#### WHAT IS EXPECTED
Without the pictures, copy all of the data exactly.

#### DATASET RECORDS
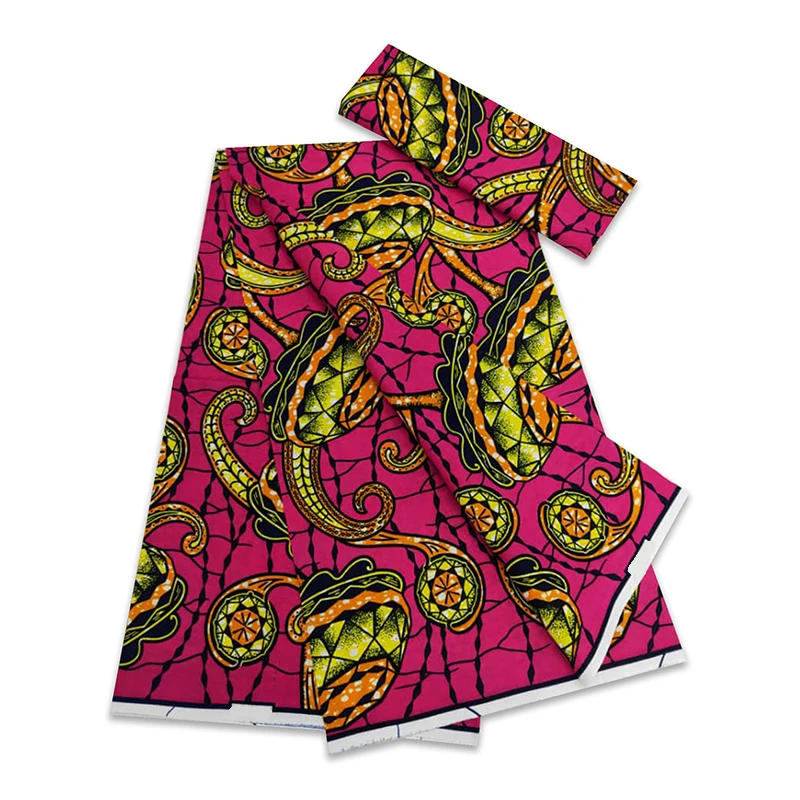 قماش شمع أنقرة ناعم وقابل للحقيق 100% قطن أنقرة مطبوع باتيك عالي الجودة شمع أفريقي نيجيريا لحفلات الفستان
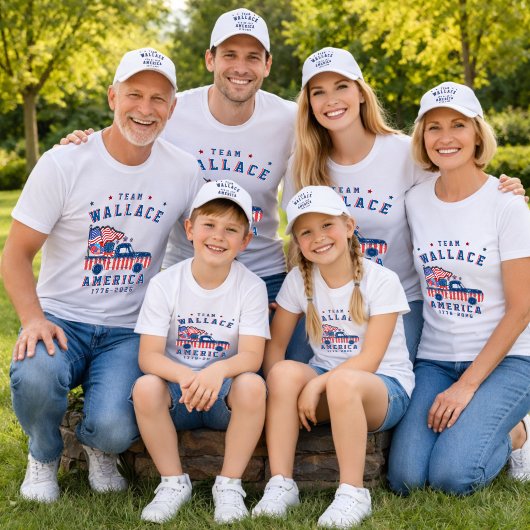 4th Of July Family Photos Matching Group Customize T-shirt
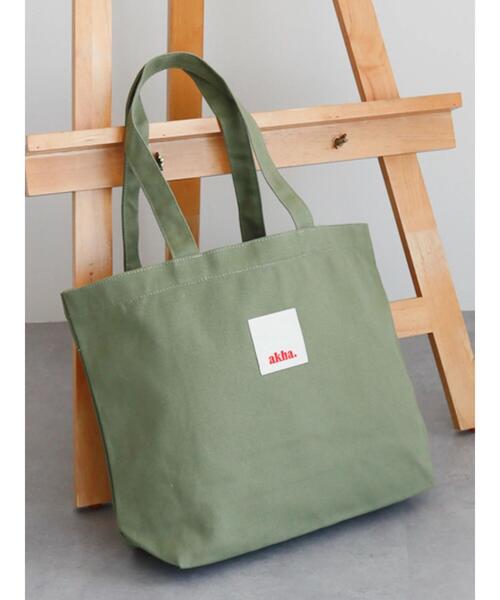 CRAFT STANDARD BOUTIQUE（クラフトスタンダードブティック）の「akha.　キャンバストート/A4サイズ（トートバッグ・レディース・ライトグリーン/カーキ/ナチュラル/グレー・FREE）」の11枚目の写真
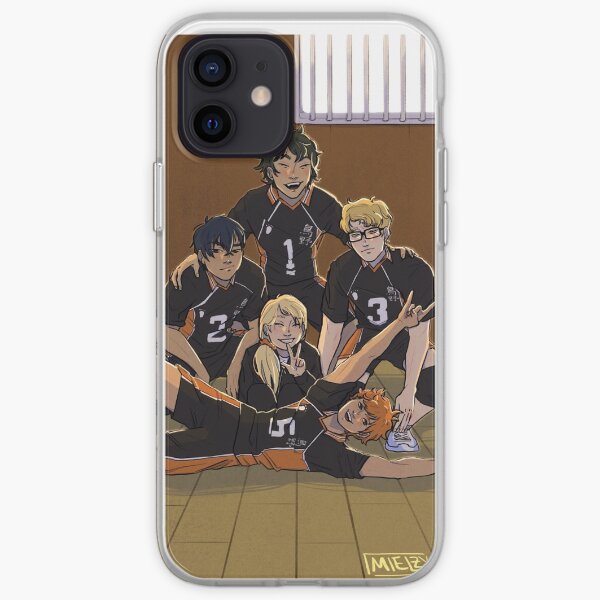 Karasuno Third Years | HAIKYUU FANART iPhone Soft Case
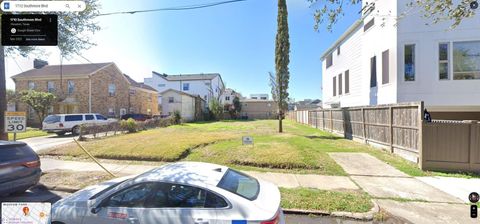 Vacant Land For Sale - 1712 Southmore Boulevard<br/> Houston, TX 77004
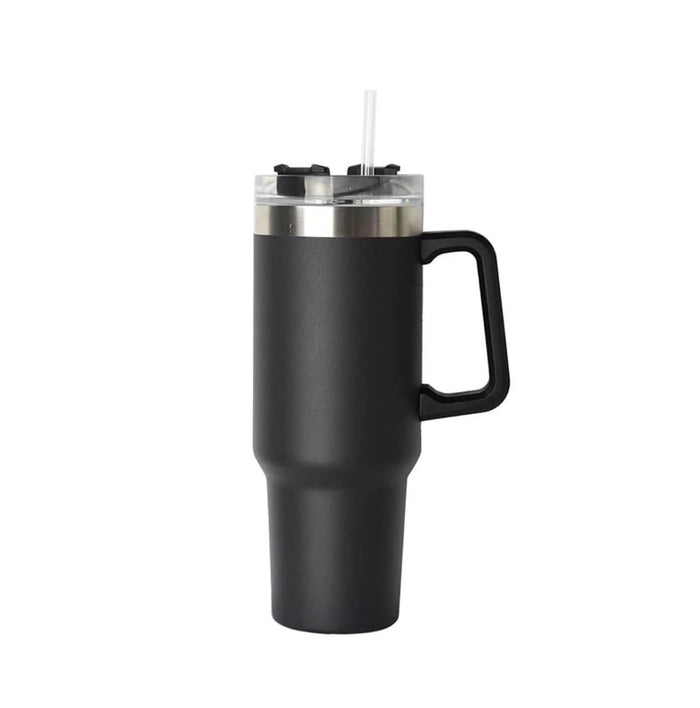 Termo De Acero Inoxidable De 40 Onzas Con Asa y Sorbete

#### PROBLEM SOLUTION
 قماش شمع أنقرة ناعم وقابل للحقيق 100% قطن أنقرة مطبوع باتيك عالي الجودة شمع أفريقي نيجيريا لحفلات الفستان
 4th Of July Family Photos Matching Group Customize T-shirt
 CRAFT STANDARD BOUTIQUE（クラフトスタンダードブティック）の「akha.　キャンバストート/A4サイズ（トートバッグ・レディース・ライトグリーン/カーキ/ナチュラル/グレー・FREE）」の11枚目の写真
 Karasuno Third Years | HAIKYUU FANART iPhone Soft Case
 Vacant Land For Sale - 1712 Southmore Boulevard<br/> Houston, TX 77004
 Termo De Acero Inoxidable De 40 Onzas Con Asa y Sorbete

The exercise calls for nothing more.